Comprehensive chart review has been the standard for detecting and researching ADRs. This process can be time and cost intensive, but a functional clinical event monitoring system is a tool that has been shown to detect ADRs accurately and in a cost-effective manner.

The design of a clinical event monitoring system requires an agreed-upon set of standards or signals that the program will use to determine the presence of a clinical event. Handler and his colleagues approached this design challenge by intensively searching the published literature for potential signals that represent a potential ADR. This search of 29 publications yielded a list of 80 potential signals. The 80 signals were placed in four categories: laboratory and medication combination signals, medication concentration signals, antidote signals, and Resident Assessment Protocol (RAP) signals.

With the list of potential ADR signals in hand, Handler and his colleagues enlisted the help of a panel of experts in geriatrics. The panel's task was to reach a consensus on which of the 80 signals would most likely be associated with a potential ADR in the nursing home setting. The panel consisted of physicians, pharmacists, and advanced practitioners such as physician assistants and nurse-practitioners.

The panel of experts completed a two-round Delphi survey via the Internet and reached consensus on 40 signals. Of these, 15 were laboratory and medication combination signals, 12 were medication concentration signals, 10 were antidote signals, and three were RAP signals. The complete results of this work were published in the May 2008 issue of the Journal of the American Geriatrics Society.

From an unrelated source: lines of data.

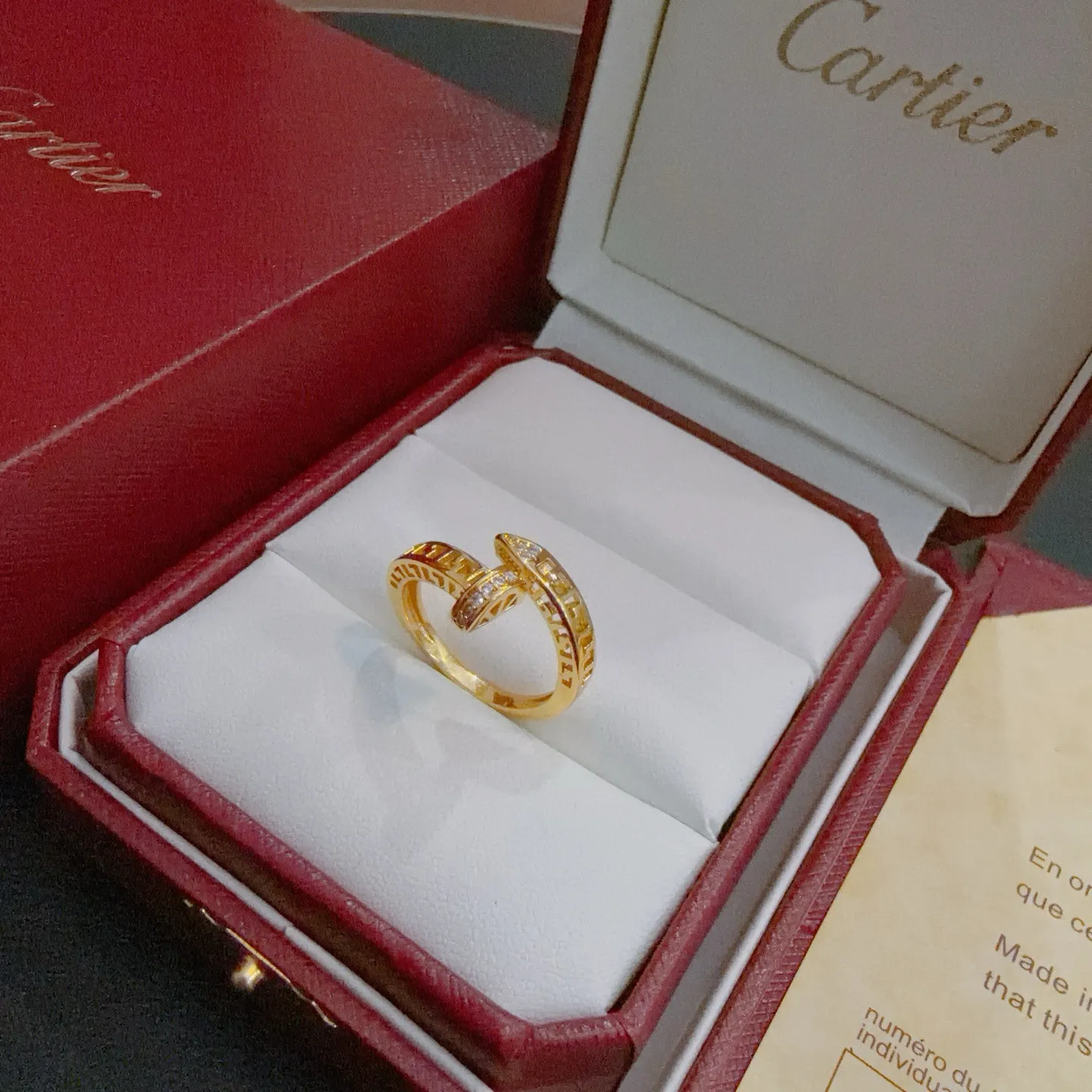 P70 卡地亚戒指V金材质系列 品相完美,细节无敌,那种独特的色泽完全无可挑剔,再缀以经典指环外形设计,简约之余却又优雅夺目,V金纯手工的组合更显气色,上手雅致动人。男女同款 卡地亚戒指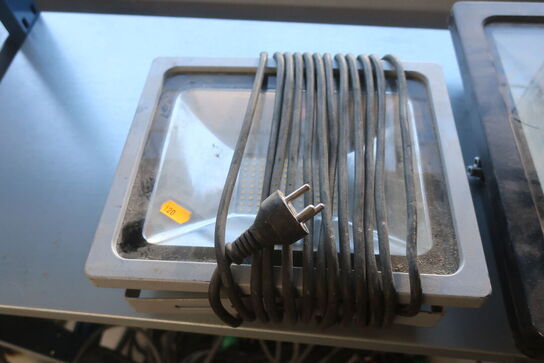 2 stk. led arbejdslamper STROXX og BESLACO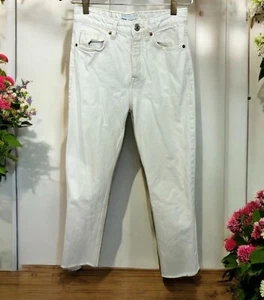 Pantalones de mezclilla ZARA para mujer tiro alto pierna recta botón mosca blanco roto talla 4 dobladillo crudo EE. UU. - Imagen 1 de 7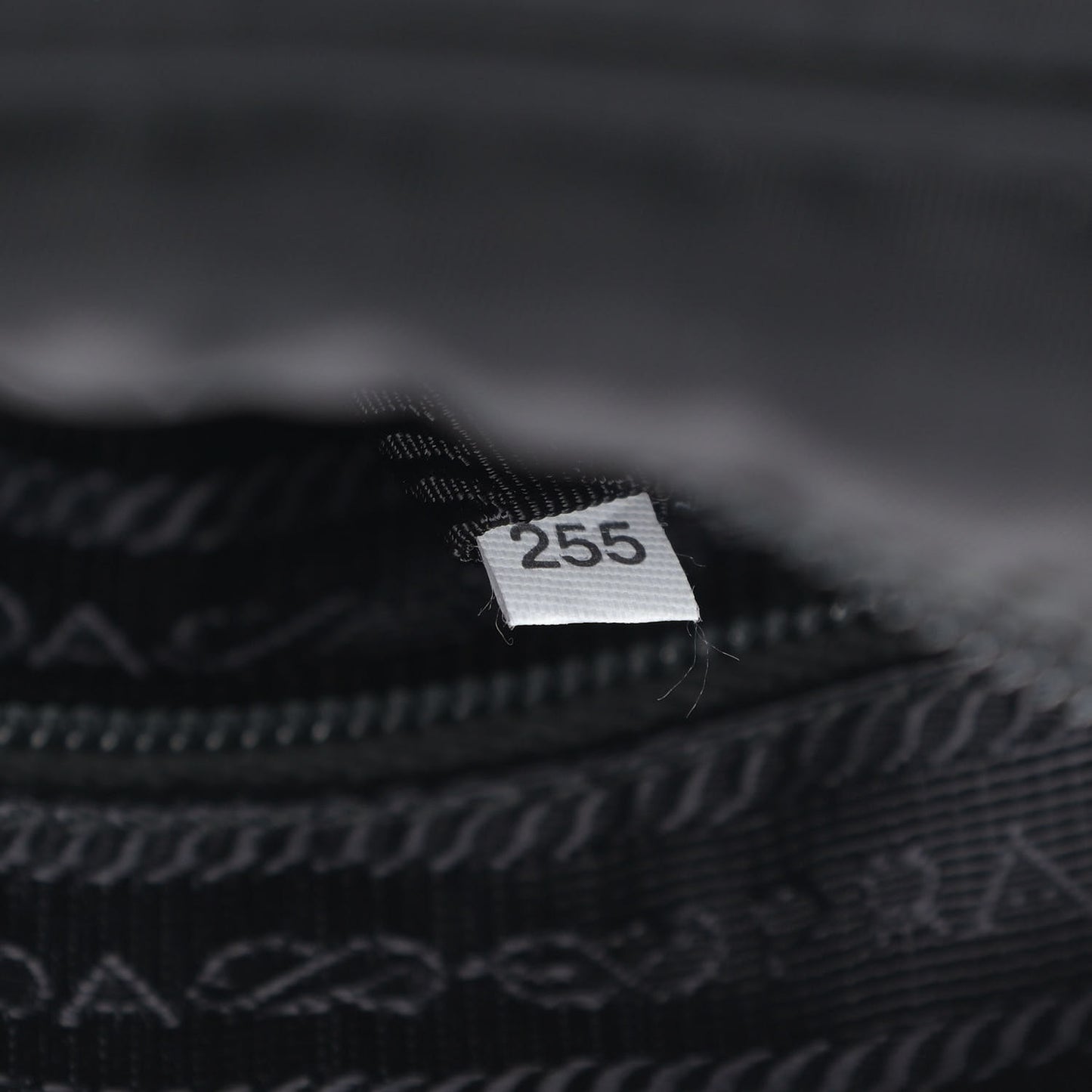 Nylon Tessuto Messenger Bag Black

This consensus list is the first step toward developing a system to detect and reduce ADRs in the nursing home setting and represents the basic science of clinical event monitor development. Handler; Shyam Visweswaran, MD, PhD, an assistant professor in the Department of Biomedical Informatics; and Melissa Saul, director of the Clinical Research Informatics Service, have recently completed the initial evaluation of the clinical event monitor using the 37 signals applied to data from a single University of Pittsburgh Medical Center-owned nursing home. The complete results of this study have recently been accepted for publication in the Proceedings of the American Medical Informatics Association Annual Symposium. This research was supported in part by the National Institutes of Health, Roadmap/NCRR /University of Pittsburgh Multidisciplinary Clinical Research Career Development Award and the American Federation for Aging Research.

Handler is an assistant professor in the Department of Medicine's Division of Geriatric Medicine and has a secondary faculty appointment in the Department of Biomedical Informatics. Handler plans to continue developing and assessing clinical decision support systems, primarily in the nursing home setting, that focus on medication monitoring. He has recently received funding from the Commonwealth Fund to determine the prevalence and use of health information technology for clinical care processes in the nursing home. This grant also will help to determine why nursing homes lag behind hospital and ambulatory care settings in their adoption and use of health information technology.